- Task details
Everything from the line that has "A sleek sophisticated" to the last line of the listing must be repeated exactly, and nothing more; omit the pictures.

- Source data
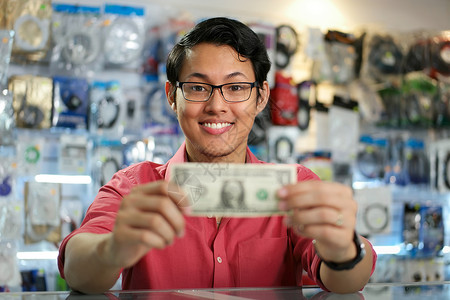 快乐的中国男人在个人电脑商店展示一元收入背景图片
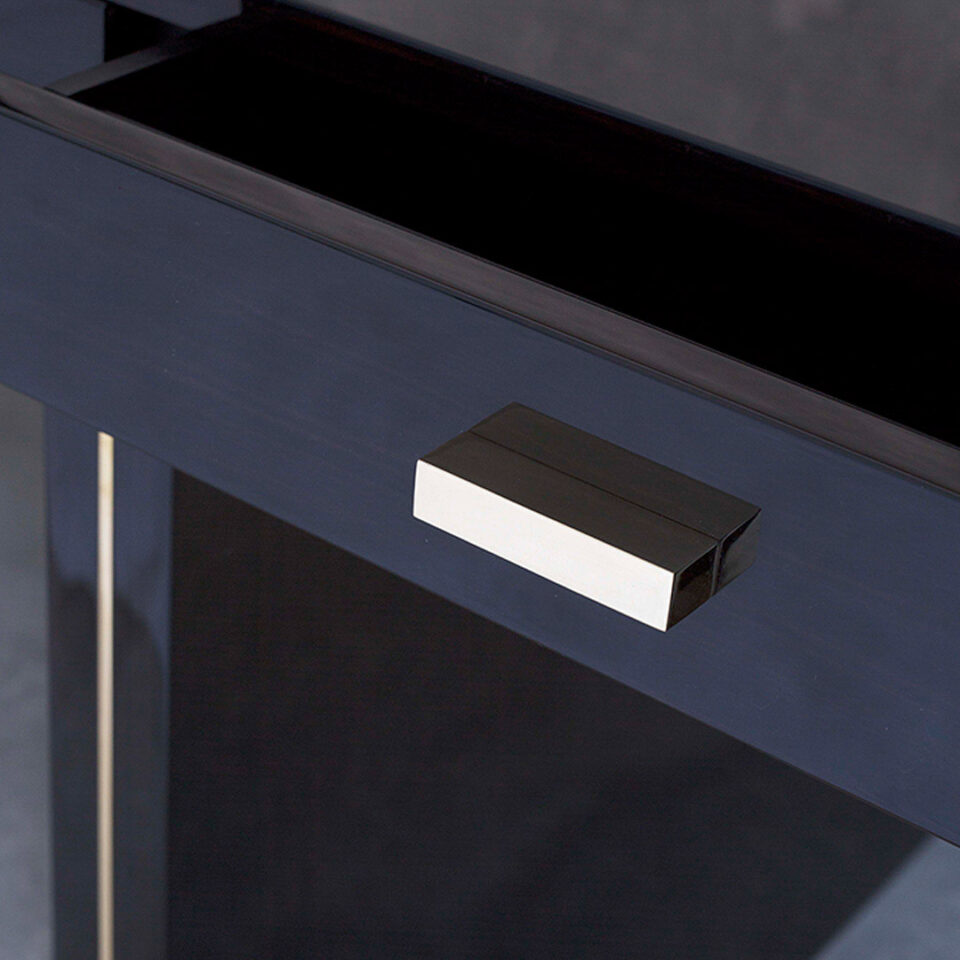 A sleek sophisticated desk with a long slender table top supported by two legs. Finished in a high gloss sycamore black with luxurious brushed brass highlights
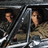 Pixelated image of a person in a vehicle with visible text 'My Liifeee' at bottom right.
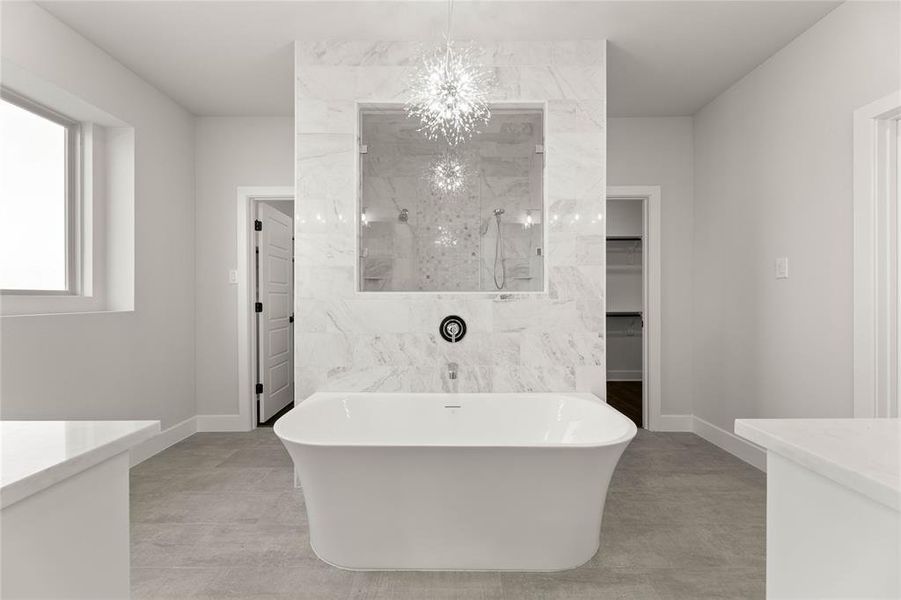 Full bath featuring vanity, a spacious closet, a freestanding tub, and a marble finish shower Full bath featuring vanity, a spacious closet, a freestanding tub, and a marble finish shower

- Written solution
 A sleek sophisticated desk with a long slender table top supported by two legs. Finished in a high gloss sycamore black with luxurious brushed brass highlights
 Pixelated image of a person in a vehicle with visible text 'My Liifeee' at bottom right.
 Full bath featuring vanity, a spacious closet, a freestanding tub, and a marble finish shower Full bath featuring vanity, a spacious closet, a freestanding tub, and a marble finish shower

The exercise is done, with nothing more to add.